Now the current market environment is really starting to feel like 1999/2000.
In July, I argued that while U.S. equity markets in 2020 weren't yet seeing a Dot.com bubble-like speculative frenzy, the parallels between the two environments were growing. Aside from high valuations for select high-growth tech companies, we were now seeing a giant increase in retail trading activity, triple-digit first-day gains for hot IPOs and large moves higher in stocks on account of news that really doesn't warrant such gains.
Today, we not only have higher valuations than what existed in early July -- for some favored names, much higher valuations -- but a lot of the aforementioned activity has intensified. Especially the large stock moves on questionable news catalysts.
Just this week, we've seen:
- BigCommerce (BIGC) , a Shopify (SHOP) rival that's both smaller and growing more slowly than Shopify, rise 83% over two trading days after announcing its platform will support Instagram's in-app checkout feature. That BigCommerce mentioned its partnership with Instagram in its IPO filing, and that Shopify has an Instagram partnership as well, apparently was of little consequence.
- Walmart (WMT) rise 4.6% in Thursday trading (adding about $17 billion to its market cap) following news that it's teaming with Microsoft (MSFT) on a bid for TikTok's operations in the U.S., Canada, Australia and New Zealand, in a deal that would apparently give Walmart a minority stake. Not known at this moment: How large Walmart's stake would be if the Microsoft bid wins; how successful it would be at creating e-commerce synergies with TikTok; and what the effects would be of splitting TikTok's operations in four markets from the rest of the business.
- Automotive hardware/software provider Veoneer (VNE) rise 17.3% on Thursday on news that it will provide software for Qualcomm's (QCOM) Snapdragon Ride ADAS/autonomous driving platform. The gains come even though Qualcomm hasn't yet announced any design wins with major automakers for Snapdragon Ride, which faces competition from Intel's (INTC) Mobileye unit and Nvidia (NVDA) and isn't expected to go into production vehicles until 2024.
In recent weeks, we've also seen Tesla (TSLA) and Apple (AAPL) register big gains thanks in part to investor enthusiasm for their planned stock splits. Though one could argue a split can be a slight positive for a company's capital structure to the extent that it makes its stock accessible to more potential investors, it (needless to say) does nothing for an existing investor's ownership stake.
And as a result, big moves higher in response to split announcements are arguably a pretty good tell-tale sign of an overheated market filled with overeager retail buyers. They definitely were in 1999/2000, as the likes of Amazon and Qualcomm shot higher on split announcements.

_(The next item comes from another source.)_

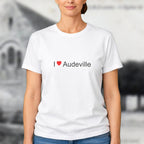 T-shirt I love audeville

Also happening in recent weeks: The tech IPO floodgates have gone from being slightly ajar to wide open. Airbnb, Palantir, Snowflake, Unity Software, Asana, Sumo Logic, JFrog, Corsair Gaming, DoorDash...some of these companies have stronger sales pitches for growth tech investors than others, but they all want to go public right now, and it's hard to blame them.
Of course, the fact that things are now feeling more 1999/2000-like doesn't necessarily mean that the party is on the verge of ending. Quite often, the froth doesn't start coming out of a market like this one until bad news starts emerging that makes savvier investors start questioning the growth narratives that led them to justify paying nosebleed valuations for favored names. And by and large, the earnings reports delivered by high-growth, large-cap, tech companies in July and August -- including the ones delivered this week -- haven't led this to happen.
But while it's hard to predict when we'll reach a turning point, this market is just about every day providing fresh arguments for treading carefully, given what history tells us about how parties like this tend to end.